THE TASK: Every line below from the one containing "Hi, I'm Erica" through the one containing "And you want" is to be printed exactly, with the pictures omitted.

# # # # # # #

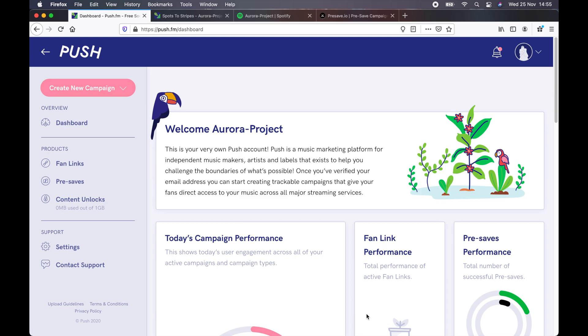We're using Push FM. However, your distributor may have a service that they recommend. Essentially, the options will be similar, so you should be able to follow along. I'm also using a Mac, and again, that should make no difference as it's all browser-based.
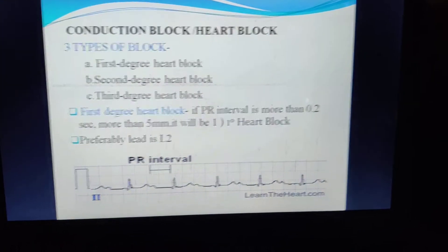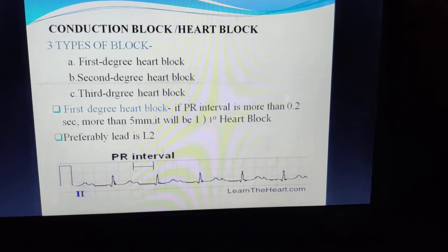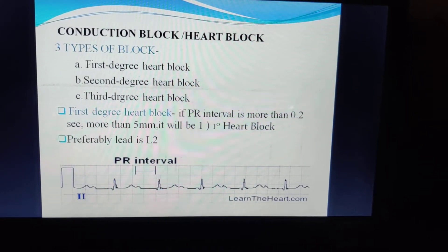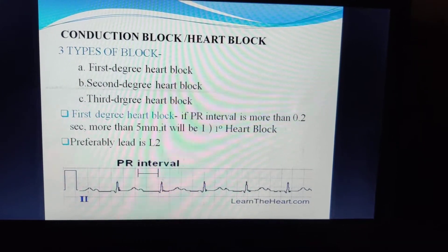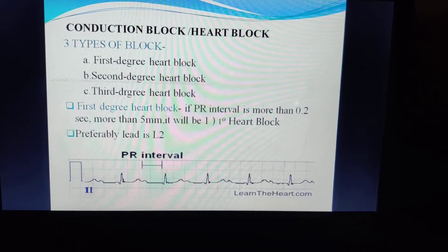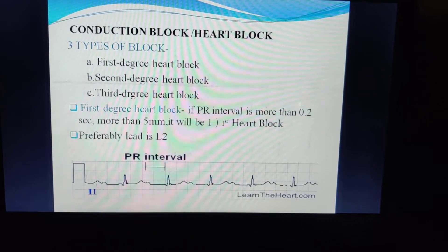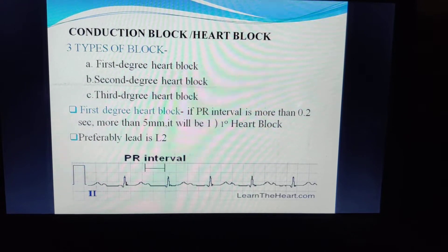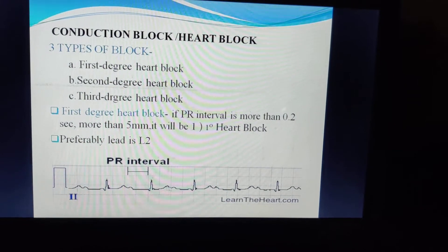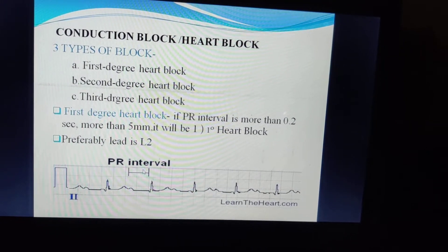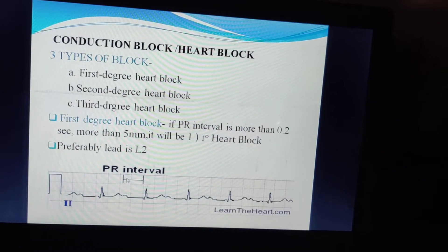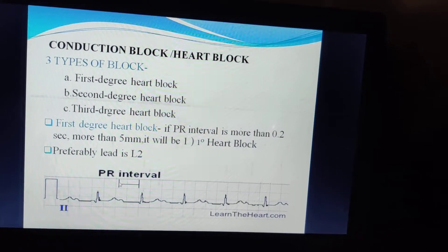Conduction block, also known as heart block or atrioventricular block, is of three types: first degree, second degree, and third degree heart block. In first degree heart block, the PR interval is more than 0.2 seconds or covers more than one large square (more than 5 small squares). To assess this, we preferably look at lead L2. A PR interval covering more than one large square is classified as first degree heart block.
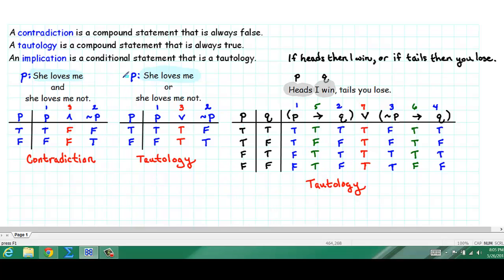Since we ended up with all trues, this is a tautology. Is it also an implication? An implication is a conditional statement that is a tautology. The question is whether this statement is a conditional. The last operation we evaluated was a disjunction, so this statement is a disjunction overall — it is not a conditional statement, and therefore it is not an implication. So even though it contains two conditional statements, overall it is a disjunction, and therefore not an implication. But it is a tautology.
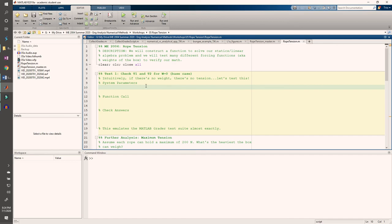Physically, this means you aren't giving your system any inputs. If we don't have any inputs, we shouldn't expect to have any outputs. In the context of this problem, it means the box's weight is zero newtons, so we should expect the tensions in both ropes to also be zero newtons.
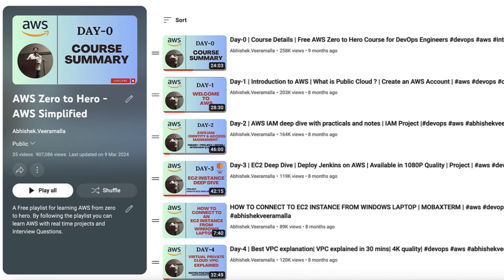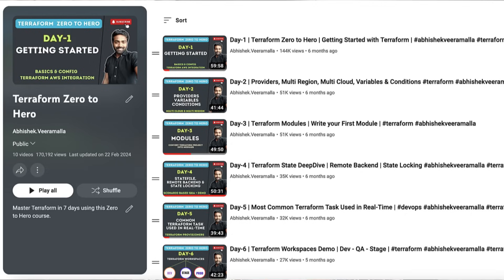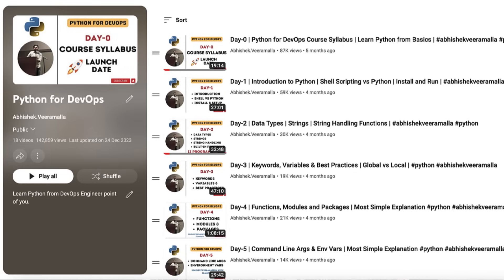Then we did the AWS zero to hero playlist, which is specifically for people who want to learn DevOps and cloud engineering. Then we did Terraform zero to hero, basically for infrastructure as code. Then we did Python for DevOps engineers, which had four projects and 15 videos overall. Anyone who wants to crack a DevOps job should start with the DevOps zero to hero playlist, then AWS zero to hero, then Terraform zero to hero, and finally Python for advanced scripting knowledge.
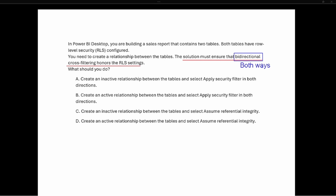In order for row level security to be implemented, we have to have active relationships between the tables. If we're going to be using bi-directional cross filtering, we need an active relationship — an inactive relationship will not allow row level security to be implemented.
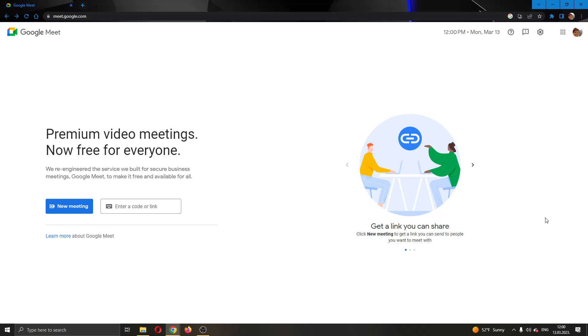Hey everybody, what's up and welcome back to today's video. Today I will be showing you how to join a meeting in Google Meet using a link. Make sure to watch this quick and easy video till the very end and follow my steps correctly so this works for you.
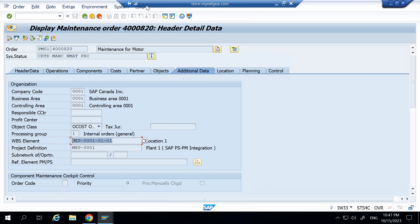In the next video I'll explain in detail how to do the planning in Project System to manage your outage project, and then how to execute the maintenance orders. I'm trying to keep it simple and short. If you have specific scenarios to be explained in Plant Maintenance or Project System, I'll make more videos to make it easy. Please subscribe to the channel and like the video — thank you.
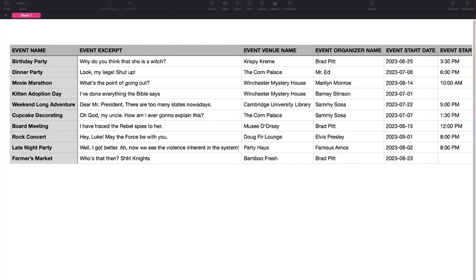Hi, I'm Erica at the Events Calendar. In this video, I'm going over CSV file formatting and examples, including the field types for importing into the Events Calendar.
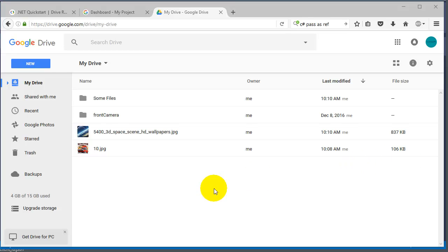Hello and welcome to another video. In this video we're going to talk about how you can list your Google Drive files using the API.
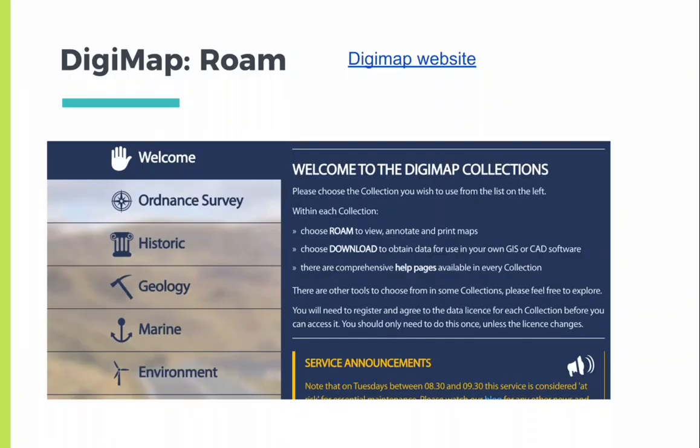But finally, Digimap is the most useful mapping tool for this module. As you can see, it brings together aspects of the other services, such as Ordnance Survey, geology, and environmental resources. You can access it through the University of York, as we have an account, and I'll go ahead and show you around the site a bit.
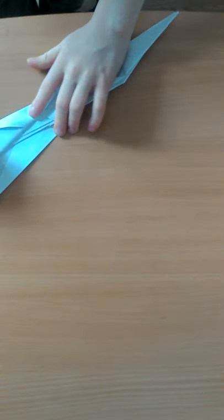And you want to fold that down to your line there.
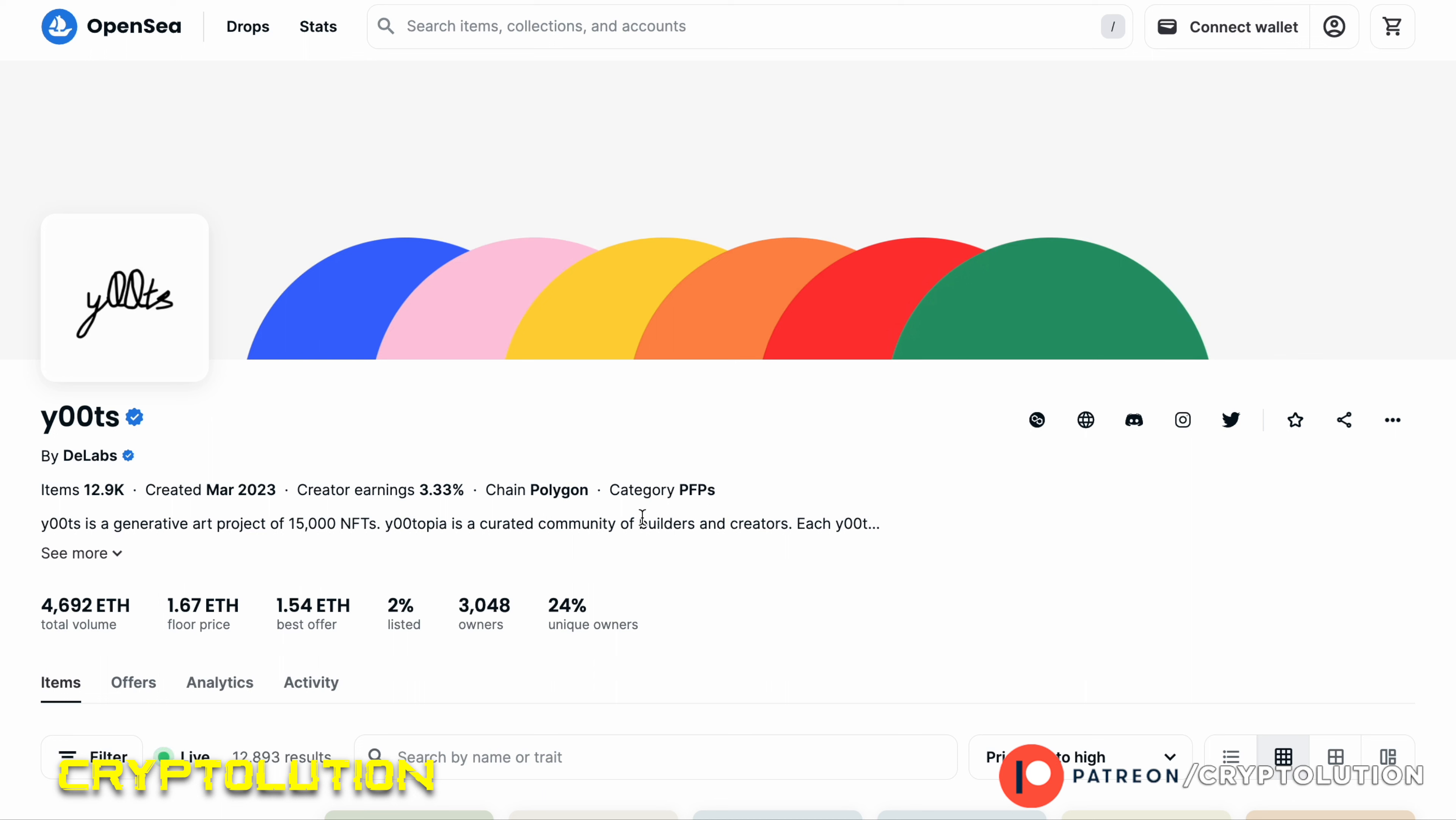But again, that's why this video was created, so you can understand how to buy a y00ts NFT and also stake it. You can see that there's been a lot of different transactions that we've had to approve, but this is just the process. But the best thing about these staking mechanisms with the y00ts NFT is that it doesn't leave your wallet. Literally it stays in your wallet.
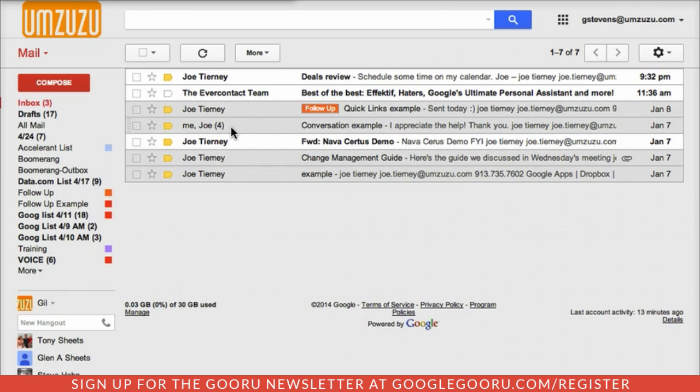The first tip has to do with conversations. By default, Gmail is going to group messages together based on the subject into conversations. So in this case, I can see a four right here on this line, which means there are actually four individual messages making up one conversation. Conversations is really helpful and will save you a lot of time, but if you don't like it, it's very easy to turn off.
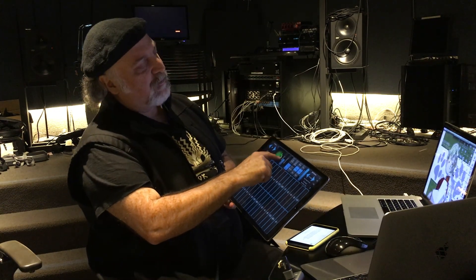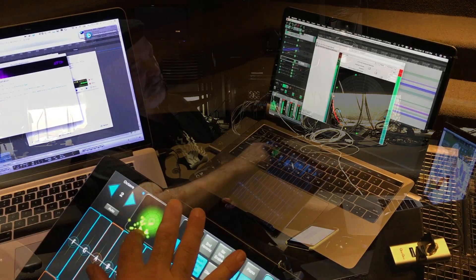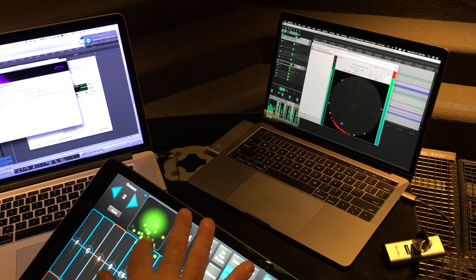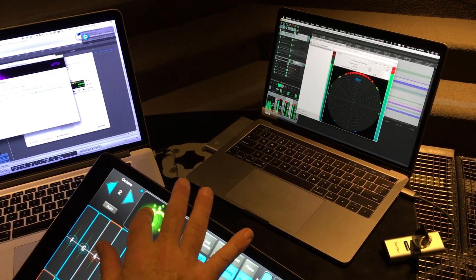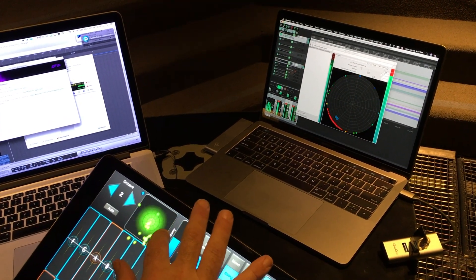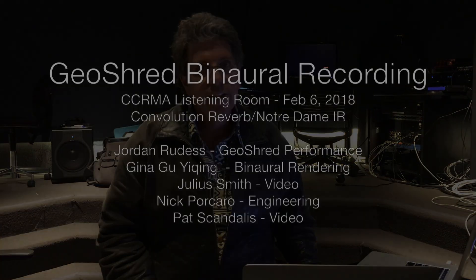This way you could just move your finger on GeoShred, and the speakers in the room will pan around. So that you can hear what we're hearing in this amazing room, we made a binaural recording. You'll need to use headphones to hear the 3D spatialization. So plug in and give it a listen.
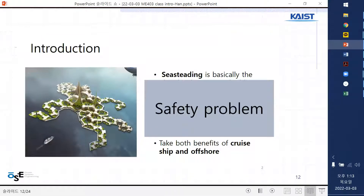I think this idea is coming from France. There was a company that tried to make a floating city for recreation and accommodation. There were safety problems such as storms, big waves, and fire. There are also some environmental issues. This pick-up idea is interesting too.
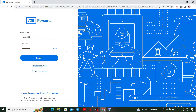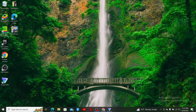After entering the correct credentials in the respective text boxes, click on Login. After logging into your ATB online account, look for the Activate Mastercard button and click on it. To activate your Mastercard online, simply enter your card information and your social security number, and you'll be good to go.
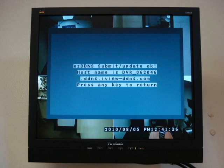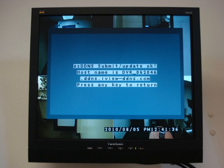After a few seconds, it will say Easy DDNS Submit Update OK and give you a host name. Now copy down that host name and go to a computer to test it out.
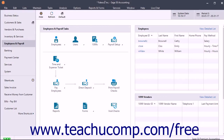If you enter your employee's beginning balances as of the start date of your company file, you will ensure that your payroll reports and W-2s print with the correct figures. You can enter a beginning balance for each employee you had when you started entering information into Sage 50 and edit it at any time. These amounts don't affect the general ledger, but do affect the year-to-date totals for each payroll field.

# # # # # # #

COMPLETED TASK:
Hi, I'm Erica at the Events Calendar. In this video, I'm going over CSV file formatting and examples, including the field types for importing into the Events Calendar.
Hello and welcome to another video. In this video we're going to talk about how you can list your Google Drive files using the API.
But finally, Digimap is the most useful mapping tool for this module. As you can see, it brings together aspects of the other services, such as Ordnance Survey, geology, and environmental resources. You can access it through the University of York, as we have an account, and I'll go ahead and show you around the site a bit.
And you want to fold that down to your line there.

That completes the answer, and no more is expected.